##### Given data #####
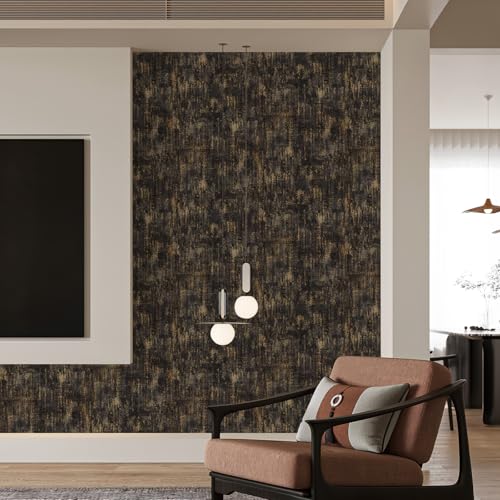JiffDiff Vintage Metallic Peel and Stick Wallpaper Self Adhesive Industrial Metallic Concrete Wall Paper Modern Stick on Wallpaper Contact Paper(17.3" x 120" Black Gold) JiffDiff Vintage Metallic Peel and Stick Wallpaper Self Adhesive Industrial Metallic Concrete Wall Paper Modern Stick on Wallpaper Contact Paper(17.3" x 120" Black Gold)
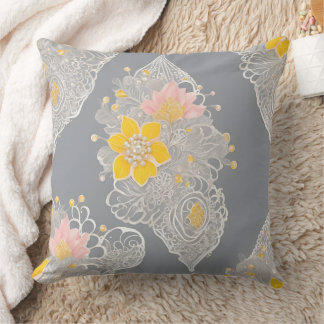 Coussin Moderne gris et jaune dentelle florale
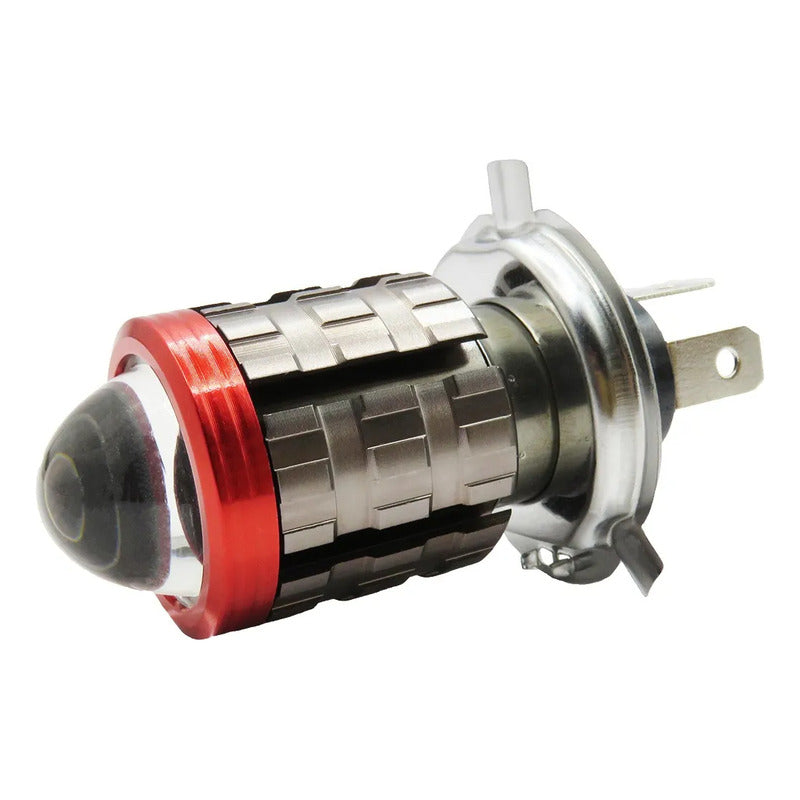 Foco Moto H4 Lupa Proyector Bicolor 6 Leds Csp 2 Funciones T H4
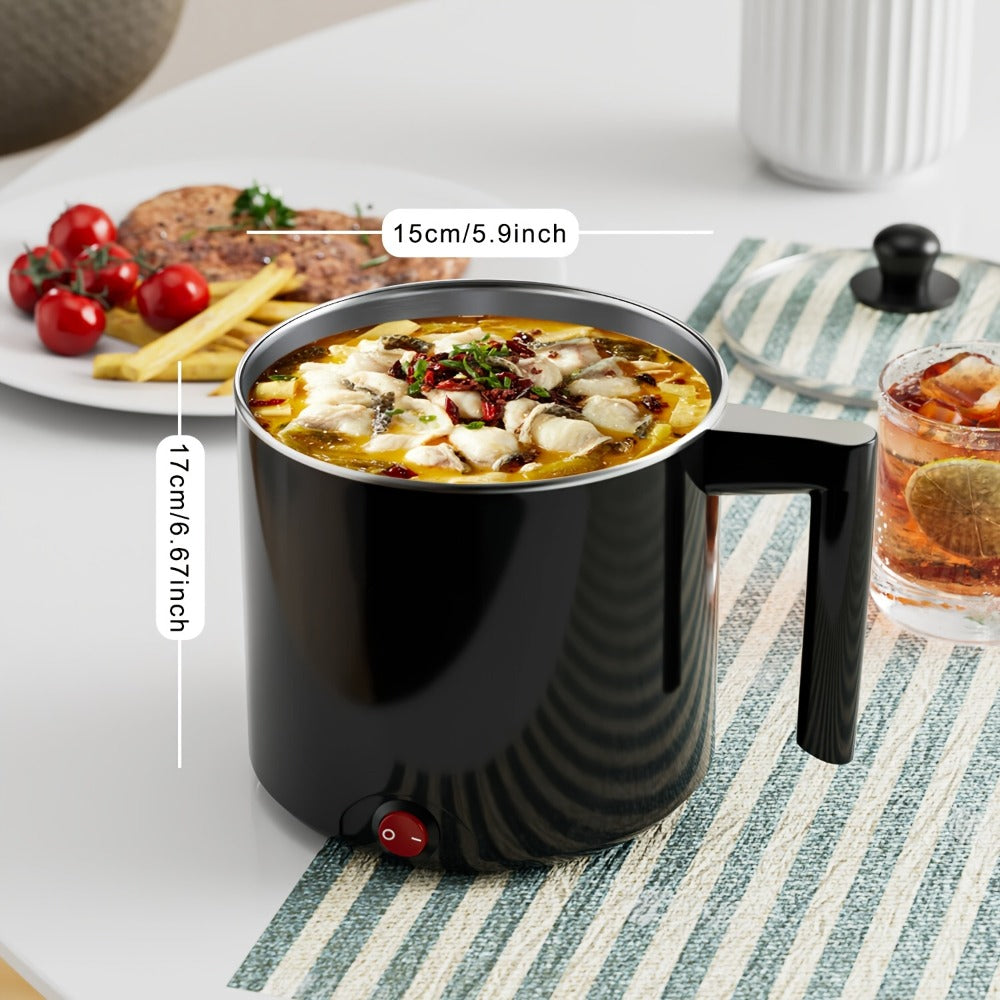 Electric Hot Pot 1.5L Non-Stick Saucepan ¨C Portable Mini Electric Cooker for Noodles, Pasta, Eggs, Steak & Ramen | Fast Heating, Dorm & Travel Friendly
#####
[Exercise objective]: Would it be possible to give the material above again exactly, with the pictures left out?

[Answer to the problem]:
JiffDiff Vintage Metallic Peel and Stick Wallpaper Self Adhesive Industrial Metallic Concrete Wall Paper Modern Stick on Wallpaper Contact Paper(17.3" x 120" Black Gold) JiffDiff Vintage Metallic Peel and Stick Wallpaper Self Adhesive Industrial Metallic Concrete Wall Paper Modern Stick on Wallpaper Contact Paper(17.3" x 120" Black Gold)
 Coussin Moderne gris et jaune dentelle florale
 Foco Moto H4 Lupa Proyector Bicolor 6 Leds Csp 2 Funciones T H4
 Electric Hot Pot 1.5L Non-Stick Saucepan ¨C Portable Mini Electric Cooker for Noodles, Pasta, Eggs, Steak & Ramen | Fast Heating, Dorm & Travel Friendly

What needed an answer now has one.